**Assignment**
All of the entries are to be written out again verbatim.

(Items listed in a dataset)
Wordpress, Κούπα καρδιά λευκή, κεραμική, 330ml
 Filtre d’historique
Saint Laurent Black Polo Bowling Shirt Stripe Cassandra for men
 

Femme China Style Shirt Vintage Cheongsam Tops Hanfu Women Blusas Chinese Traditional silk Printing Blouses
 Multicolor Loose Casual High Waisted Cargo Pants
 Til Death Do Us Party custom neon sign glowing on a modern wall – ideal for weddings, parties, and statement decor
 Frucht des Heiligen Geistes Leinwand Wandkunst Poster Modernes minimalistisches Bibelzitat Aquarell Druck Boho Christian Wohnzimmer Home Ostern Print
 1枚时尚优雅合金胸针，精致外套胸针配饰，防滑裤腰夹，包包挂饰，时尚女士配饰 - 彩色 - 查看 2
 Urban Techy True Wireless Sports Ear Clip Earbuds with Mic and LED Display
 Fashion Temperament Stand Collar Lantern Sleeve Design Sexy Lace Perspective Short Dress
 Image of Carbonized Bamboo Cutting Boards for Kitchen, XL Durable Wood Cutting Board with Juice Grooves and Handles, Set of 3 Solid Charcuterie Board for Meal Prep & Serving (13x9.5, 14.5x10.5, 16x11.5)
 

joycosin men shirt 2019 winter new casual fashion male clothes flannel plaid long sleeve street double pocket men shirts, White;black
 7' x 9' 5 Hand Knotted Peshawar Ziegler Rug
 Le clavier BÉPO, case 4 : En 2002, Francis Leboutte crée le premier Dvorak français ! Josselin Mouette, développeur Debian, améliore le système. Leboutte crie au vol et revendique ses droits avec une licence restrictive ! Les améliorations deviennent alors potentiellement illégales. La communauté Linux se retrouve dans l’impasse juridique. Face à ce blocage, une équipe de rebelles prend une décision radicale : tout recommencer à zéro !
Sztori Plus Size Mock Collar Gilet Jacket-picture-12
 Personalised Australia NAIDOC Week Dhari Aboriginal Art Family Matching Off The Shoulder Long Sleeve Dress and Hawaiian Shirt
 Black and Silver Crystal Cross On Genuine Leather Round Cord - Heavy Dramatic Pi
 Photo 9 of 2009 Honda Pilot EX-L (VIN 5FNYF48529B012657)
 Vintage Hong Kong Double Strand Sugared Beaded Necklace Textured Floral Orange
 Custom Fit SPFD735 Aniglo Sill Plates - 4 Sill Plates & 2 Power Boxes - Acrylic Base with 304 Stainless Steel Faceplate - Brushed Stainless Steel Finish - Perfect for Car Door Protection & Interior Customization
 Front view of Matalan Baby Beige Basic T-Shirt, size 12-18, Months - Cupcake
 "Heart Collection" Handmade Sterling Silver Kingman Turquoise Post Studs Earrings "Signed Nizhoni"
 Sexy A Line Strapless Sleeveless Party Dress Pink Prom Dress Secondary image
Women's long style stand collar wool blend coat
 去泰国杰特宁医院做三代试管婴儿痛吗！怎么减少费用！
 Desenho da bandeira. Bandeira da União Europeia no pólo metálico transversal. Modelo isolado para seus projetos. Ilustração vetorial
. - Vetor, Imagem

**Solution to the problem**
Wordpress, Κούπα καρδιά λευκή, κεραμική, 330ml
 Filtre d’historique
Saint Laurent Black Polo Bowling Shirt Stripe Cassandra for men
 

Femme China Style Shirt Vintage Cheongsam Tops Hanfu Women Blusas Chinese Traditional silk Printing Blouses
 Multicolor Loose Casual High Waisted Cargo Pants
 Til Death Do Us Party custom neon sign glowing on a modern wall – ideal for weddings, parties, and statement decor
 Frucht des Heiligen Geistes Leinwand Wandkunst Poster Modernes minimalistisches Bibelzitat Aquarell Druck Boho Christian Wohnzimmer Home Ostern Print
 1枚时尚优雅合金胸针，精致外套胸针配饰，防滑裤腰夹，包包挂饰，时尚女士配饰 - 彩色 - 查看 2
 Urban Techy True Wireless Sports Ear Clip Earbuds with Mic and LED Display
 Fashion Temperament Stand Collar Lantern Sleeve Design Sexy Lace Perspective Short Dress
 Image of Carbonized Bamboo Cutting Boards for Kitchen, XL Durable Wood Cutting Board with Juice Grooves and Handles, Set of 3 Solid Charcuterie Board for Meal Prep & Serving (13x9.5, 14.5x10.5, 16x11.5)
 

joycosin men shirt 2019 winter new casual fashion male clothes flannel plaid long sleeve street double pocket men shirts, White;black
 7' x 9' 5 Hand Knotted Peshawar Ziegler Rug
 Le clavier BÉPO, case 4 : En 2002, Francis Leboutte crée le premier Dvorak français ! Josselin Mouette, développeur Debian, améliore le système. Leboutte crie au vol et revendique ses droits avec une licence restrictive ! Les améliorations deviennent alors potentiellement illégales. La communauté Linux se retrouve dans l’impasse juridique. Face à ce blocage, une équipe de rebelles prend une décision radicale : tout recommencer à zéro !
Sztori Plus Size Mock Collar Gilet Jacket-picture-12
 Personalised Australia NAIDOC Week Dhari Aboriginal Art Family Matching Off The Shoulder Long Sleeve Dress and Hawaiian Shirt
 Black and Silver Crystal Cross On Genuine Leather Round Cord - Heavy Dramatic Pi
 Photo 9 of 2009 Honda Pilot EX-L (VIN 5FNYF48529B012657)
 Vintage Hong Kong Double Strand Sugared Beaded Necklace Textured Floral Orange
 Custom Fit SPFD735 Aniglo Sill Plates - 4 Sill Plates & 2 Power Boxes - Acrylic Base with 304 Stainless Steel Faceplate - Brushed Stainless Steel Finish - Perfect for Car Door Protection & Interior Customization
 Front view of Matalan Baby Beige Basic T-Shirt, size 12-18, Months - Cupcake
 "Heart Collection" Handmade Sterling Silver Kingman Turquoise Post Studs Earrings "Signed Nizhoni"
 Sexy A Line Strapless Sleeveless Party Dress Pink Prom Dress Secondary image
Women's long style stand collar wool blend coat
 去泰国杰特宁医院做三代试管婴儿痛吗！怎么减少费用！
 Desenho da bandeira. Bandeira da União Europeia no pólo metálico transversal. Modelo isolado para seus projetos. Ilustração vetorial
. - Vetor, Imagem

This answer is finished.